* _Description of the task_:
Below are records; reproduce exactly the lines from the one that has "picture 1 Godet" through the one that has "Stadttor Anklamer Tor, evangelische", ends included, and nothing more.

* _Exercise data_:

□ □ □ □ □ □ □

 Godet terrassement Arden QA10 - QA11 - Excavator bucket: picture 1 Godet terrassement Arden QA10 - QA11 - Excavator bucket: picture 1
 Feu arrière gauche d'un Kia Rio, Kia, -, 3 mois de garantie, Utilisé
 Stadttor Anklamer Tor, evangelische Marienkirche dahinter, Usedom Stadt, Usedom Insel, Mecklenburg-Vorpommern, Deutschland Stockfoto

□ □ □ □ □ □ □

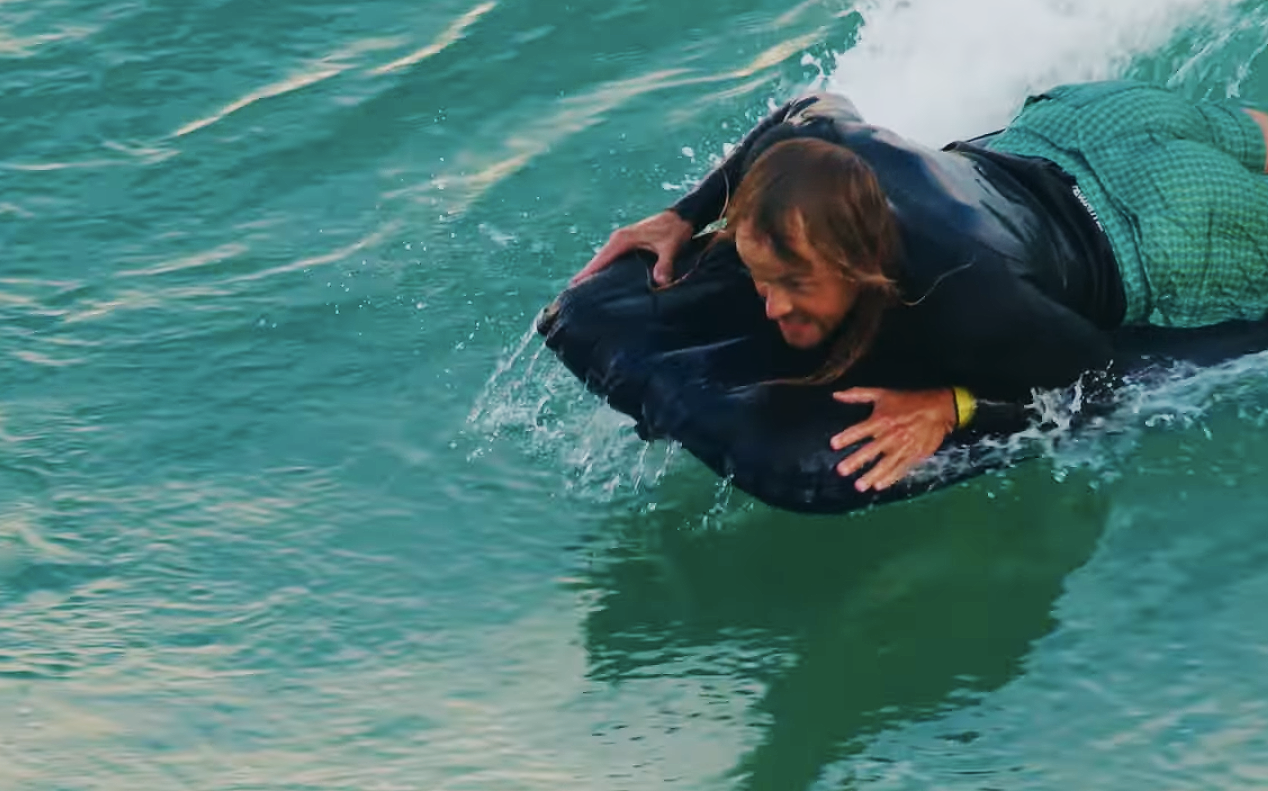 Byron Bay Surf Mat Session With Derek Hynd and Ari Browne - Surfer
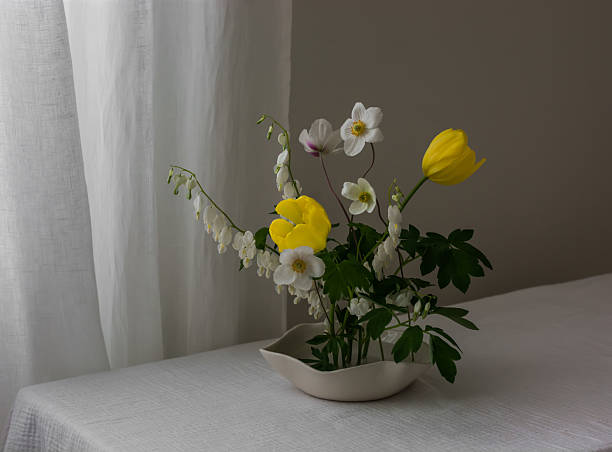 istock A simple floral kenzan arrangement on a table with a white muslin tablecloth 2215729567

□ □ □ □ □ □ □

* _Exercise result_:
 Godet terrassement Arden QA10 - QA11 - Excavator bucket: picture 1 Godet terrassement Arden QA10 - QA11 - Excavator bucket: picture 1
 Feu arrière gauche d'un Kia Rio, Kia, -, 3 mois de garantie, Utilisé
 Stadttor Anklamer Tor, evangelische Marienkirche dahinter, Usedom Stadt, Usedom Insel, Mecklenburg-Vorpommern, Deutschland Stockfoto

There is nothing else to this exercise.